For the past several years, respondents to the State of Agile Survey have consistently identified their respective organizational culture as a major impediment to the adoption of agile practices. Accordingly, if we accept the well-established observation that culture follows structure, transformation efforts need to begin with re-examining our thinking about how we lead and manage organizations.
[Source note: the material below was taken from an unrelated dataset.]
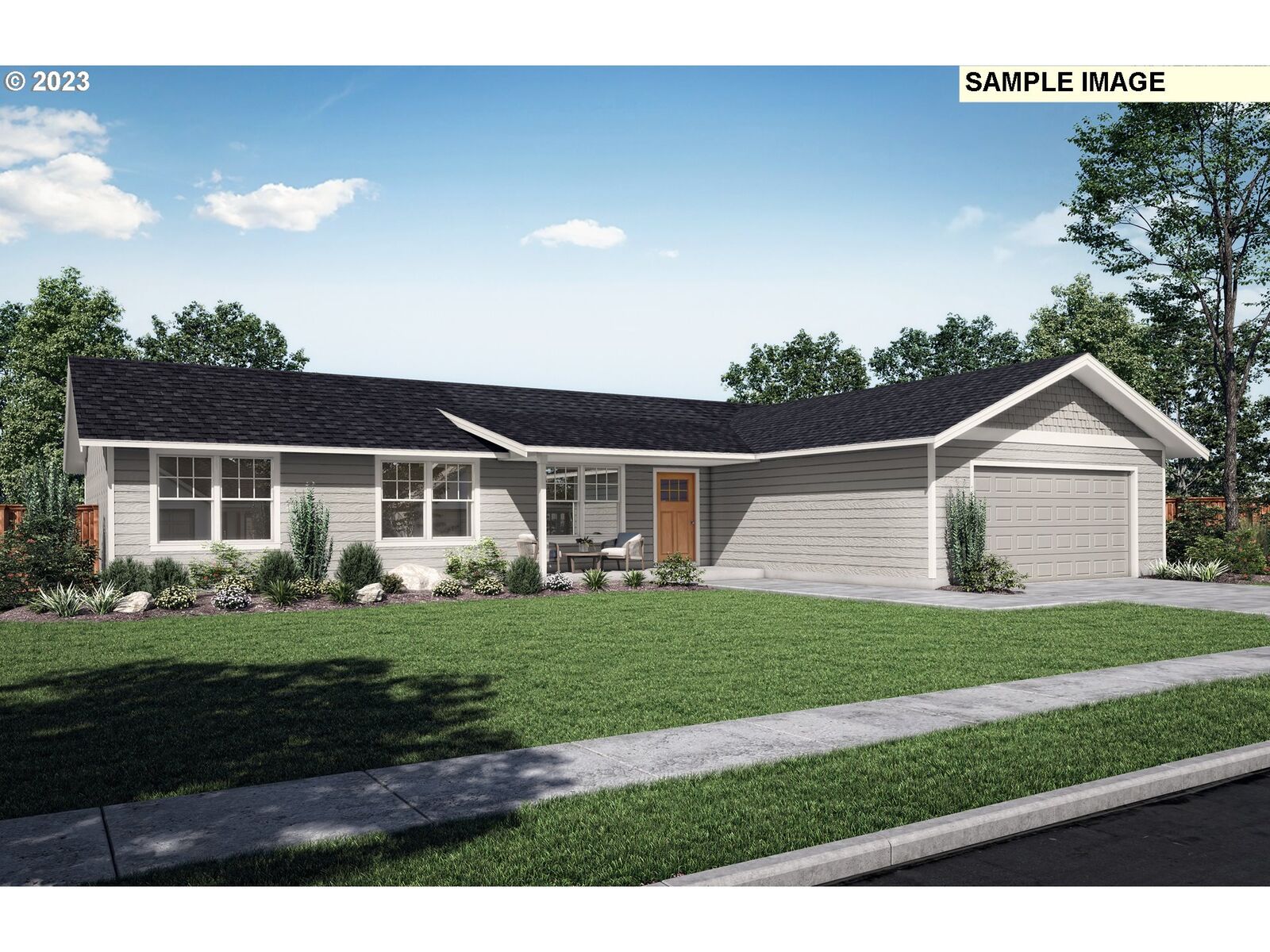 Property Photo: 313 SW Wren Ct OR 97818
In this session, participants will engage in an idealized redesign exercise to examine the thinking and theory that shape transformations while revealing the changes that can be made by senior leadership in cooperation with their people that will encourage agile-like behaviours to emerge at all levels of the organization and improve the quality of their transformation efforts.

Outline:

Establishing our Thesis for Transformations that Matter:

  • Agility is not the aim or purpose of an agile transformation
  • Agile transformations are not changing what matters most in an organization, eg. true cross-organization teamwork, joy in work, pride in workmanship for managers and staff alike
  • The prevailing theory of management and transformations limits their efficacy because they hold the most meaningful elements of the organization constant while changing how teams do their work.
  • Escaping this orbit requires transformation of the way we think about organizations and how they are led and managed.

Proposed Solutions to Our Thesis (30m)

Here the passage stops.